Award-winning beer is secretly being brewed at a bungalow in Scarborough
A bungalow in Scarborough has a secret: it's hiding a home brewer who's won awards with his beer.
Though David Chang-Sang first experimented with home brewing back in the 1990s, it wasn't until 2018 that he started working on Chang-Sang Estates Brewery.
Even the name itself is something of a secret handshake, shrouded in an inside joke.
"I had a friend who would call his small bungalow in Scarborough his 'Estate,'" Chang-Sang tells blogTO.
"I thought that since I still live in Scarborough and in a little 1950s bungalow, it would be hilarious to call the brewery Chang-Sang Estates Brewery since I also joke about my home being Chang-Sang Estates."
He first became obsessed with the concept of home brewing in his 20s as a beer lover who was intrigued by the TVO series Homebrew hosted by Charles Papazian, author of The Complete Joy of Homebrewing.
"Much of the beer I made back then tasted like it was, exactly, a home brew," says Chang-Sang. "I stopped brewing about two years into my initial foray and didn't pick it up again until 2018."
By that time, much had changed: the availability of different ingredients, malted barley from producers around the world, liquid yeast strains and entirely new varieties of hops.
"When I had first started home brewing there was no internet and I was basically on my own other than local shop owners who may or may not be able to guide someone along," says Chang-Sang.
"With the help of GTA Brews, Toronto's local homebrew club, it was so easy to now create beer that was, in my opinion, almost indistinguishable, and sometimes even better than, commercial big brewery examples.
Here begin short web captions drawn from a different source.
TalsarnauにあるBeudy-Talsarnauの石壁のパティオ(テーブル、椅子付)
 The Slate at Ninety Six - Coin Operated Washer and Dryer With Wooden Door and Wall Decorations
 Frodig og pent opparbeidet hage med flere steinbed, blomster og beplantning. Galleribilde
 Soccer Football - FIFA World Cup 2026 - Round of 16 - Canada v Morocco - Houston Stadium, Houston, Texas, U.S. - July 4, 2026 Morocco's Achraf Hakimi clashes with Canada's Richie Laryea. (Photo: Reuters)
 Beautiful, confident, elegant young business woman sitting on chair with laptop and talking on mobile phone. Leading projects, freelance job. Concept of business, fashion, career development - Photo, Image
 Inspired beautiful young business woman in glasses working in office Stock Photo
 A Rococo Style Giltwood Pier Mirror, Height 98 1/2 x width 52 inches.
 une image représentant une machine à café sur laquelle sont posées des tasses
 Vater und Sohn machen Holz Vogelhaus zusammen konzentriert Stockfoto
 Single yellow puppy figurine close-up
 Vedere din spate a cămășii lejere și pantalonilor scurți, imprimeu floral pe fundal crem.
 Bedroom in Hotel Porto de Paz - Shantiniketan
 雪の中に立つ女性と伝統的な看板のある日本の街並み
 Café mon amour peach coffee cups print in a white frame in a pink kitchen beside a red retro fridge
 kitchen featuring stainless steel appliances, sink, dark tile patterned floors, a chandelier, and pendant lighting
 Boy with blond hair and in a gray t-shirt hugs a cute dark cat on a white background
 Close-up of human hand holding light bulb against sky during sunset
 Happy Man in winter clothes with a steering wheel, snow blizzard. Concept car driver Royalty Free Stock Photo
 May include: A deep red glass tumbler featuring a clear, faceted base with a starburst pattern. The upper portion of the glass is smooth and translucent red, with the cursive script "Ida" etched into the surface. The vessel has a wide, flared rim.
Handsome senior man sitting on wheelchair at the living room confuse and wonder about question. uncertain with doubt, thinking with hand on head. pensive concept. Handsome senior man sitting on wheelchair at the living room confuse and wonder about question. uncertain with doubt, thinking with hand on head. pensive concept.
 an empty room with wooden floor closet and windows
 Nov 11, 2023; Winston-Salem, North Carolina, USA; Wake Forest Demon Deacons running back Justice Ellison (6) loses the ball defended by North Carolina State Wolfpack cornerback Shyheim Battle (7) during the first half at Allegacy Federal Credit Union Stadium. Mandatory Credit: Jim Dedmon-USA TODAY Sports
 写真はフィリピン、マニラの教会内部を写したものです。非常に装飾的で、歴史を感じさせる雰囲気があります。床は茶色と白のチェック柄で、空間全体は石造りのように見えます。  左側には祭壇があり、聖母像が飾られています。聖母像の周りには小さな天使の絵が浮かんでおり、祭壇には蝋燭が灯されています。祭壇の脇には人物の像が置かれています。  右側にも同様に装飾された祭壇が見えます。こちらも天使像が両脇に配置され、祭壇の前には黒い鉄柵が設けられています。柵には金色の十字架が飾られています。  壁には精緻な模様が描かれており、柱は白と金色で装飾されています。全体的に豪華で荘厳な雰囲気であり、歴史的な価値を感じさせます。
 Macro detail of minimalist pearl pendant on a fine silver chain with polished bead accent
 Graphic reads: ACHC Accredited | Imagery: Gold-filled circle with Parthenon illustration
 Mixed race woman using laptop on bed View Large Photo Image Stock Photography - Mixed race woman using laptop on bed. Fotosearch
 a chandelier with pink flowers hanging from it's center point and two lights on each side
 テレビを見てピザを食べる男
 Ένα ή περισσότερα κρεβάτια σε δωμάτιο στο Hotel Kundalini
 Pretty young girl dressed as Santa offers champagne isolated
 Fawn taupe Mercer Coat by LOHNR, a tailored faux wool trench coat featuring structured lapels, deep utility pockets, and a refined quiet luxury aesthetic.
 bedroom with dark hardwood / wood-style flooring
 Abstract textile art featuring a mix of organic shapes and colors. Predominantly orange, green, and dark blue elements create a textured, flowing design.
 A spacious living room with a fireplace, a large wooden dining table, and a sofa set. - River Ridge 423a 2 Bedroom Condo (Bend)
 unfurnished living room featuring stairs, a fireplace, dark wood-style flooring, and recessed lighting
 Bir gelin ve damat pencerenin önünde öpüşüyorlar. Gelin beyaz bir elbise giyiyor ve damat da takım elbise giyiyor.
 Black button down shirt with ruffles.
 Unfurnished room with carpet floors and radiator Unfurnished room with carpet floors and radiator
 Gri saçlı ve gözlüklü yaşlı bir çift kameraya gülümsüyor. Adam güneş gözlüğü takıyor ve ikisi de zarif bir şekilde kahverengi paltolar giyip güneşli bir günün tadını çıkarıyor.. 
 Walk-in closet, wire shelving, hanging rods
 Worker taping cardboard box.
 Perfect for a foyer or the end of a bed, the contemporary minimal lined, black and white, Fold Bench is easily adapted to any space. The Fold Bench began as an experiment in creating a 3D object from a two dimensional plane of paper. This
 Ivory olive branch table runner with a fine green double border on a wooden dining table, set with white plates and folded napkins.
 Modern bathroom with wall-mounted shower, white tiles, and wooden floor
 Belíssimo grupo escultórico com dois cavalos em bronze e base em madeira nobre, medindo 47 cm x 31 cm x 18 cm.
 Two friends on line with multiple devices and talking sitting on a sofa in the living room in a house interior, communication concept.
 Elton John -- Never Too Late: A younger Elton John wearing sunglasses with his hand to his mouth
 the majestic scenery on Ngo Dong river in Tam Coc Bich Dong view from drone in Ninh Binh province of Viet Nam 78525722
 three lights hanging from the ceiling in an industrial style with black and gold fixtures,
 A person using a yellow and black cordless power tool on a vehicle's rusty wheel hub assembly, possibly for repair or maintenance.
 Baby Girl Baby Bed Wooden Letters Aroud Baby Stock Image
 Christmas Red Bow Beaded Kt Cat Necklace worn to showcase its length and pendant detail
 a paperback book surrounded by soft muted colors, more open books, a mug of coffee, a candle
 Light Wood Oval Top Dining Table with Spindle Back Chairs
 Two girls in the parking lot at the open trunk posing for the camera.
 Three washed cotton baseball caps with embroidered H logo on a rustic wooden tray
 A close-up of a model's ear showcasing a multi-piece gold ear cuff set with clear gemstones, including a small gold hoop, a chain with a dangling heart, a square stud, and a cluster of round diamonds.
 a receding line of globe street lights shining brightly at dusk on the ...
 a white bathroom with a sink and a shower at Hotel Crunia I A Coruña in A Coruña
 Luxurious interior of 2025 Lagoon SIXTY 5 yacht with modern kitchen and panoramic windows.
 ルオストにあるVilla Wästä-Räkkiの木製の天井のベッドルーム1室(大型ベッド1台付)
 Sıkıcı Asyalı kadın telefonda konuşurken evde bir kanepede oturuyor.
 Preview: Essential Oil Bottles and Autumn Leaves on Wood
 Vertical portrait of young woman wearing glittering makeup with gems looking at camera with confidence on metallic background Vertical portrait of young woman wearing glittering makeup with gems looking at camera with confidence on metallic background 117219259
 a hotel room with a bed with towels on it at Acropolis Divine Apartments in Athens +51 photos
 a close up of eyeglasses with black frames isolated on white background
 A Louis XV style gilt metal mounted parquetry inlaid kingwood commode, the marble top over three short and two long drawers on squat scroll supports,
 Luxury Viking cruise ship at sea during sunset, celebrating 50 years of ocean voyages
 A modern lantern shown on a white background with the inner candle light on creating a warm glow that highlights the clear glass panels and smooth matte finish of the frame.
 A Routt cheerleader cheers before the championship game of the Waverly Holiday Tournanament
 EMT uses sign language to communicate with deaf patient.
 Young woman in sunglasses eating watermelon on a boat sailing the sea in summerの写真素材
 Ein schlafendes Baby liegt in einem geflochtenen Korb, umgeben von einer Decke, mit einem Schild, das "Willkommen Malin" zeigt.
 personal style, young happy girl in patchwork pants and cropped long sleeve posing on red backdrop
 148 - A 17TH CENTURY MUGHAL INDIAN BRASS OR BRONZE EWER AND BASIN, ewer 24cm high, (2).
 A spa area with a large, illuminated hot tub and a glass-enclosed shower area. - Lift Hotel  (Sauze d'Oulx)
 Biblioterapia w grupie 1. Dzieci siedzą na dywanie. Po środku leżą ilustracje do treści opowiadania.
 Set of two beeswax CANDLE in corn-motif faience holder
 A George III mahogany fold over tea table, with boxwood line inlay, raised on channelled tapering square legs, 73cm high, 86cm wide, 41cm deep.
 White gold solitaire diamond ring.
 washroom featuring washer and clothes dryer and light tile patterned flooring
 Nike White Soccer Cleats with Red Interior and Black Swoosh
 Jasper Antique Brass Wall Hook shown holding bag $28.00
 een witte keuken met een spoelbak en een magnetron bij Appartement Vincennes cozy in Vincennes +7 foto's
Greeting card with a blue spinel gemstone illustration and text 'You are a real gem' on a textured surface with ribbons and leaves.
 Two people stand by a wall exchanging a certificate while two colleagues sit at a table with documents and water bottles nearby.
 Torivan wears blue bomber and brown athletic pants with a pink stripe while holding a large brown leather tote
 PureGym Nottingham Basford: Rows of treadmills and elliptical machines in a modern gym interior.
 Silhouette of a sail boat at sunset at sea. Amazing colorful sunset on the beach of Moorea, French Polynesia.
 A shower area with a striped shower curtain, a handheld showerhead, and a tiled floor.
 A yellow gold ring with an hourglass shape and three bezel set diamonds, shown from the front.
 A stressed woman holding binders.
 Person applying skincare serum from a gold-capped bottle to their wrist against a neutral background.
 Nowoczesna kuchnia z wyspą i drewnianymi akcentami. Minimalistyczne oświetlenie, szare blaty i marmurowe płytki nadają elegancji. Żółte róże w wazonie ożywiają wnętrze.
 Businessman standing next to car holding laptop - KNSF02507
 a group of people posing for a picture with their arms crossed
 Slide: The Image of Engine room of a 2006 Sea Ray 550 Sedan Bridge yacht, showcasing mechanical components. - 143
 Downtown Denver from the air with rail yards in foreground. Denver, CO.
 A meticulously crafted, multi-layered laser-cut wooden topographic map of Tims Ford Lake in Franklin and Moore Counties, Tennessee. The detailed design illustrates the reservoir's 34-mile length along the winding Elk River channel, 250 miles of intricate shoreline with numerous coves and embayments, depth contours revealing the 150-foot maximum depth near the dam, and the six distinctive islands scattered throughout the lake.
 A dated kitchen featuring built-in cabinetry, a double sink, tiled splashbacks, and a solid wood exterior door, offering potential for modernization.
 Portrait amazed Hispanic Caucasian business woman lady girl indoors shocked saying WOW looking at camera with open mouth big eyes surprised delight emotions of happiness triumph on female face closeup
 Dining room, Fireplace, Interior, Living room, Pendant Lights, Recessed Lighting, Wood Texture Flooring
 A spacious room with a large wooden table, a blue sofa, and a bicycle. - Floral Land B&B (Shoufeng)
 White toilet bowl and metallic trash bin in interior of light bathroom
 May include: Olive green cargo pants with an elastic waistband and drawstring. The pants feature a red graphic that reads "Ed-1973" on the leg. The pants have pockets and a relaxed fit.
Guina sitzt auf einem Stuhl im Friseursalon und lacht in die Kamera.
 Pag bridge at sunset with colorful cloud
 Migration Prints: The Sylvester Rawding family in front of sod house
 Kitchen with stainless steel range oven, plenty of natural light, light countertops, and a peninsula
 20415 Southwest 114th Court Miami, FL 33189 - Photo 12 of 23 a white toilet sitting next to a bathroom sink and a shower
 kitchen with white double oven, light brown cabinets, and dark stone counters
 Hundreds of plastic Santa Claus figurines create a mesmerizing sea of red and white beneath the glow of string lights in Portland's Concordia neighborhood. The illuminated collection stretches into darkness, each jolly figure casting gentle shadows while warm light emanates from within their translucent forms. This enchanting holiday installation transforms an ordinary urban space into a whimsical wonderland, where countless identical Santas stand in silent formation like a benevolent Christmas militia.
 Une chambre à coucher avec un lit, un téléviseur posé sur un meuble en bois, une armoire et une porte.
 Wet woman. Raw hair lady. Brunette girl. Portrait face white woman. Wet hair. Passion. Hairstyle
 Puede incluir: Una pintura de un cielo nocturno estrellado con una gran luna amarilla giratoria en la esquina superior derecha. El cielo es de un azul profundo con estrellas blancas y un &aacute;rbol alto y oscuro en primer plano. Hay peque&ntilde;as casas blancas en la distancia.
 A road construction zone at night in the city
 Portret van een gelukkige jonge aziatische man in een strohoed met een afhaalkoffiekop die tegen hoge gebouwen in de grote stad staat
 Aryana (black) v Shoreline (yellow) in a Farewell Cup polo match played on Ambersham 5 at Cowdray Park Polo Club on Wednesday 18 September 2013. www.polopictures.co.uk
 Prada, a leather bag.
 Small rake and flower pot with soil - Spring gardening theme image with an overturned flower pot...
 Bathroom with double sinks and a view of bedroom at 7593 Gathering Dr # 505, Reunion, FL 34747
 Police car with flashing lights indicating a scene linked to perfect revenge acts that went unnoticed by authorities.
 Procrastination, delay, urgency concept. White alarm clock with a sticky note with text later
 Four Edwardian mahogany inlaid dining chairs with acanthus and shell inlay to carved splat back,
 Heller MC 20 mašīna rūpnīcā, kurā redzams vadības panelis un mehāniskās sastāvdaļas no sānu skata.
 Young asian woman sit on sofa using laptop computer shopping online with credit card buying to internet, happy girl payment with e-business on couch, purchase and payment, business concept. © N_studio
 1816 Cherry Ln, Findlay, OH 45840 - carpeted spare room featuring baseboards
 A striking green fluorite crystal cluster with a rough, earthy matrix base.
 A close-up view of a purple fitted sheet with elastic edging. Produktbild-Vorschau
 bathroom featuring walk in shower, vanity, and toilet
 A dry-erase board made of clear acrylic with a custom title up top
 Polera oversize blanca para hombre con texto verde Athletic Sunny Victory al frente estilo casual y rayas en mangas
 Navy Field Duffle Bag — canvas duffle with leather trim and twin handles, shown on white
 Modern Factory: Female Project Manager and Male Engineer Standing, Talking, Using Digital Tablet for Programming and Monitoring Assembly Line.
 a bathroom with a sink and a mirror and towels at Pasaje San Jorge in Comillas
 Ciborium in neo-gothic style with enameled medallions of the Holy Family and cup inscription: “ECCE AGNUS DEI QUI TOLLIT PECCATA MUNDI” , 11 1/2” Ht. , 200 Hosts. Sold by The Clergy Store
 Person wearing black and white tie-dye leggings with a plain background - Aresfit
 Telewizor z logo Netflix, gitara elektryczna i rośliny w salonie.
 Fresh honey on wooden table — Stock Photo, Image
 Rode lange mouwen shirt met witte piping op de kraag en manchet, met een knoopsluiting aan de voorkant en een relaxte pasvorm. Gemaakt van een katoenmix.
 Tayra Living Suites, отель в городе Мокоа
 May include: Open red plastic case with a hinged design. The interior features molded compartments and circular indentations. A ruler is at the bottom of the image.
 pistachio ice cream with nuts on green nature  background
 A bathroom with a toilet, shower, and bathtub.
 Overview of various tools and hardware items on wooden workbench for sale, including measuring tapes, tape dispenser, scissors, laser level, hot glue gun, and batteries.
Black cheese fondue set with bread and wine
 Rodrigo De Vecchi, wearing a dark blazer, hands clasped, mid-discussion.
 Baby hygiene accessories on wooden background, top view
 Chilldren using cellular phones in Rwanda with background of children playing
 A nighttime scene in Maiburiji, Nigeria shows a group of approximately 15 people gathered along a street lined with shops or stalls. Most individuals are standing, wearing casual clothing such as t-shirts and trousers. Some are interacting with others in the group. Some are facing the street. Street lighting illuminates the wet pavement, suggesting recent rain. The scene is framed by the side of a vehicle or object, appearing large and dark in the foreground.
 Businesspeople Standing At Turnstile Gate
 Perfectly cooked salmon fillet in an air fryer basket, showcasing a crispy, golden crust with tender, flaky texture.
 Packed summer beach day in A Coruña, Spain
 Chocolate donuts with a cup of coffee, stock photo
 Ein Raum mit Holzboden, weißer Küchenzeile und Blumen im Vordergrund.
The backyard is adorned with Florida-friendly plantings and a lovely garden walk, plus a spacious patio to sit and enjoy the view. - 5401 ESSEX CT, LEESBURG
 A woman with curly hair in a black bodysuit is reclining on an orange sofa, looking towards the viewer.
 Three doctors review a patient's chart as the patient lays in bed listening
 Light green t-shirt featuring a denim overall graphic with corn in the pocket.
I was hooked."
He's risen through the ranks of the club to recently clinch Best of Show in their summer competition with a German doppelbock that beat out 138 other entries.
Chang-Sang has no formal brewing experience, and only brews on a small scale in batches of 19 litres or five gallons.
There's no way to officially purchase any of his beer.
"The sale of homebrewed beer is, I believe, illegal in North America actually. Anyone who is selling their homebrew takes on a number of risks and that's something I'm not prepared to do," says Chang-Sang.
"Homebrewers, however, can give their homebrew away and I often do so to friends, family and other members of our homebrew club."
He has two taps at the "Estates" that can serve up to 20 litres of beer when the kegs are full.
He certainly needs friends and family to come over and help drink it, as he's actually the only one in the house with a taste for beer.
"My wife can't stand the taste of beer in general and is strictly a wine drinker, as such it usually takes a month or so to go through one of those kegs," says Chang-Sang. "This includes bottling beer for competitions, friends, gifts for family."
While he's on a constant quest to improve his recipes and beer, don't expect Chang-Sang Estates to ever become much more than a hobby project operating out of a bungalow.
"Many of my friends and others I have met always expect me to be thinking of working at, or opening, a brewery in the future," says Chang-Sang.
"I am more than happy though, to continue homebrewing."